[TASK PROMPT] With the pictures omitted, print exactly the lines below, from the one containing "Rotes Kartenetui aus" through the one containing "メルファ 45人乗り 送迎仕様", and nothing else.

[SOURCE DATA]
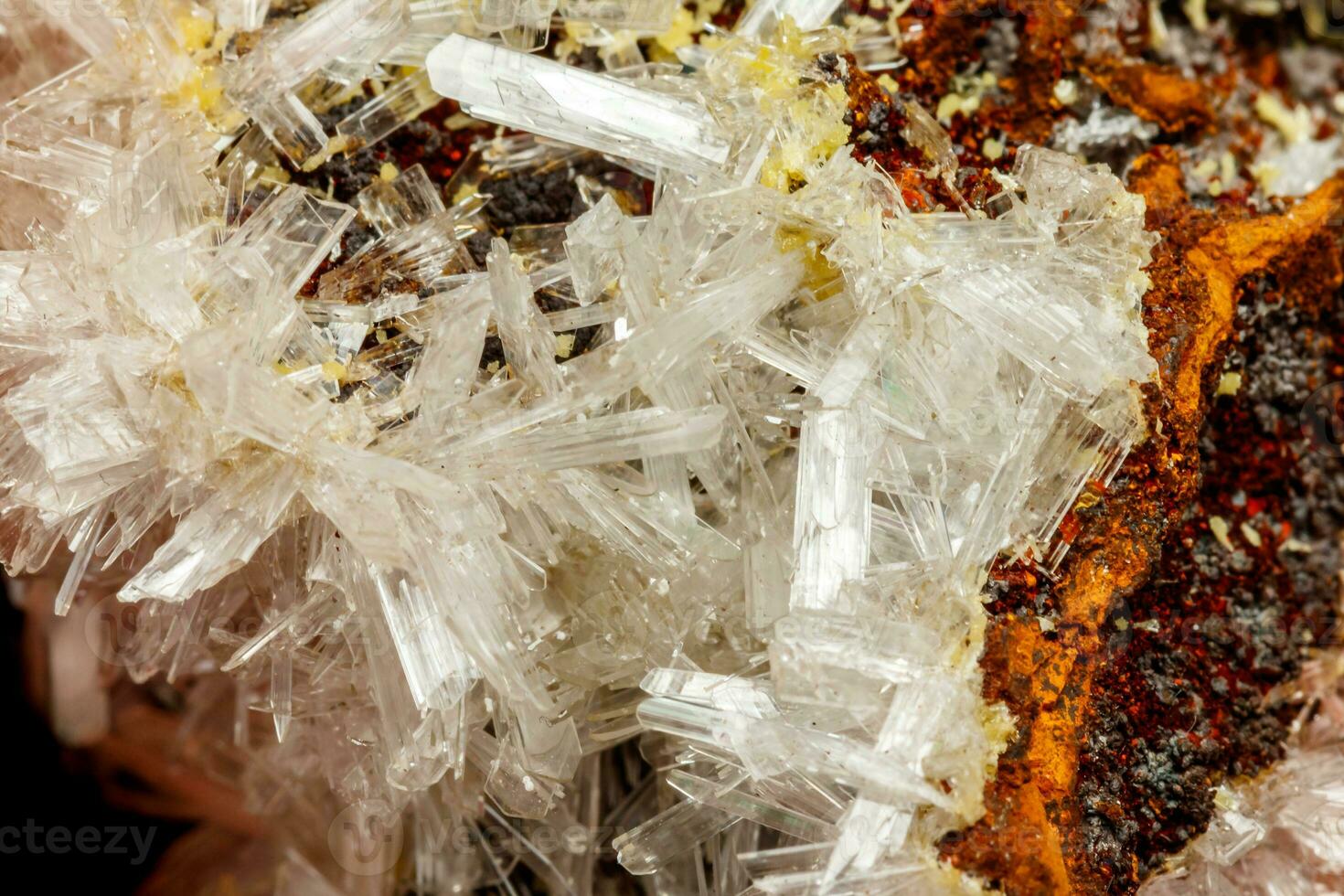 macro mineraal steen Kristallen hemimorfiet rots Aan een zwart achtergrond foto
* * *
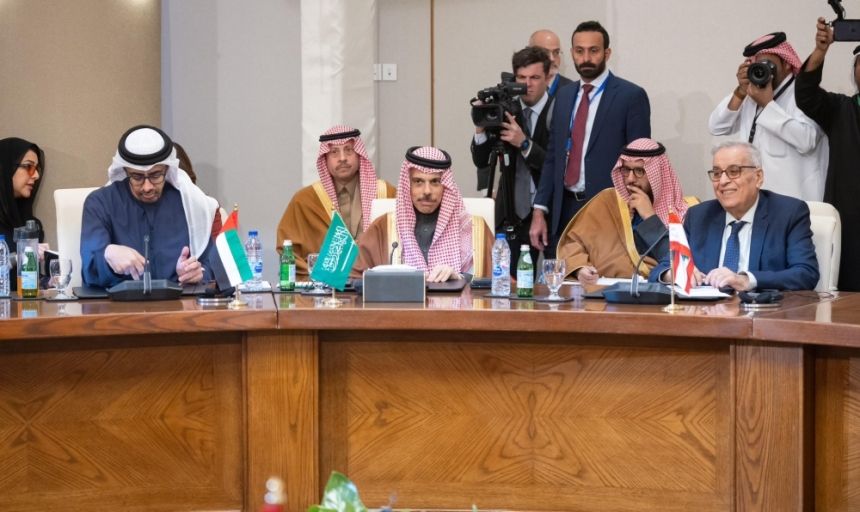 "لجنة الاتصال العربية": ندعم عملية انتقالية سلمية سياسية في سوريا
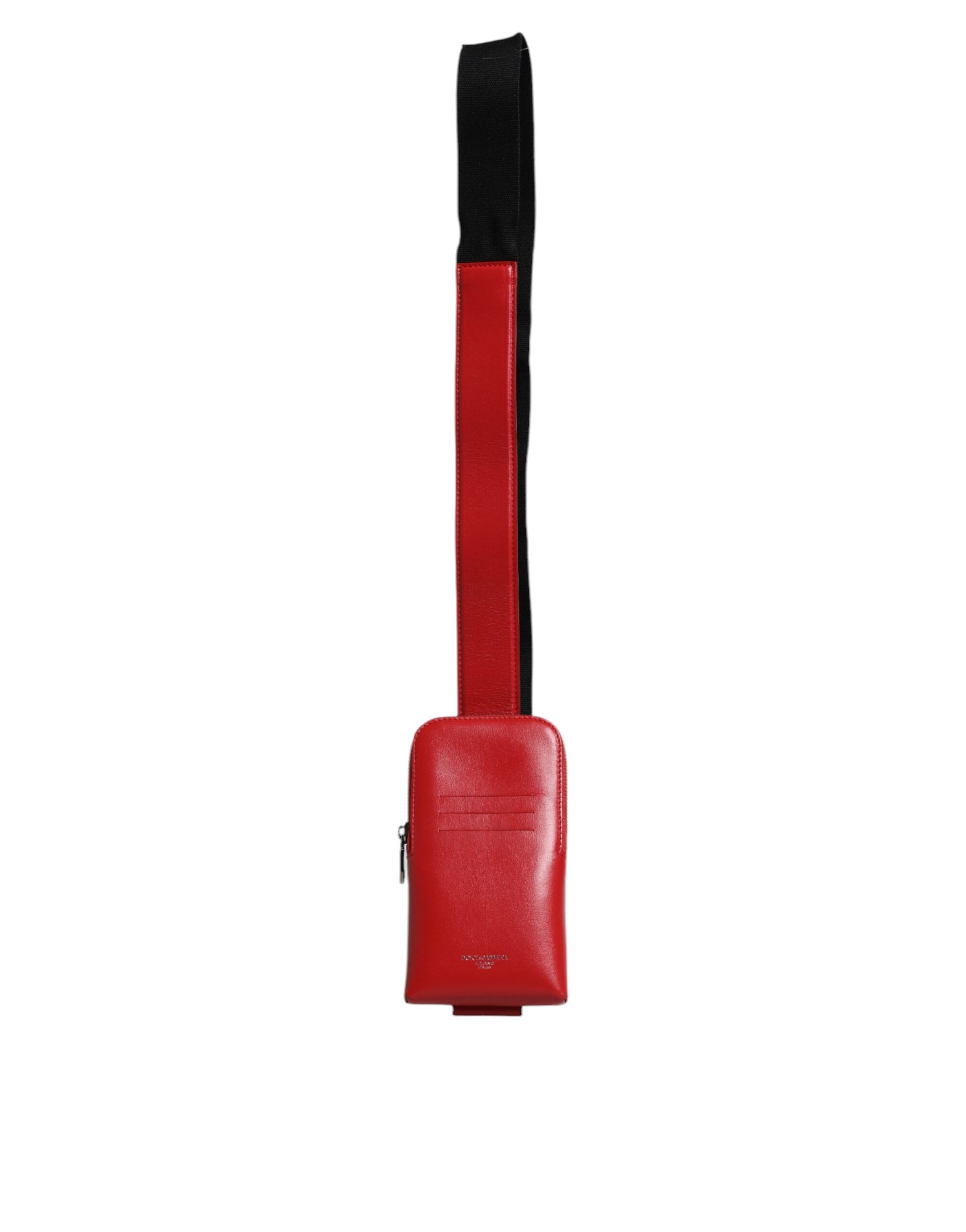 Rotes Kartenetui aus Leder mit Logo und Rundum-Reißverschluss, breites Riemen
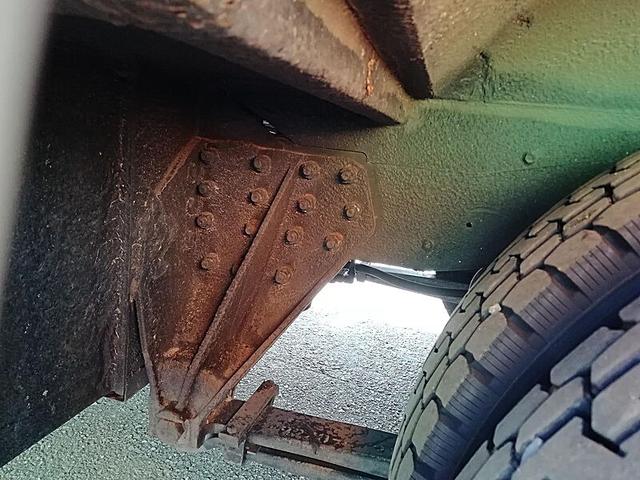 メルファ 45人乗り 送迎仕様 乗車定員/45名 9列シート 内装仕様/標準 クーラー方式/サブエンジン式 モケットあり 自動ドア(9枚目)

[TASK OUTPUT]
 Rotes Kartenetui aus Leder mit Logo und Rundum-Reißverschluss, breites Riemen
 メルファ 45人乗り 送迎仕様 乗車定員/45名 9列シート 内装仕様/標準 クーラー方式/サブエンジン式 モケットあり 自動ドア(9枚目)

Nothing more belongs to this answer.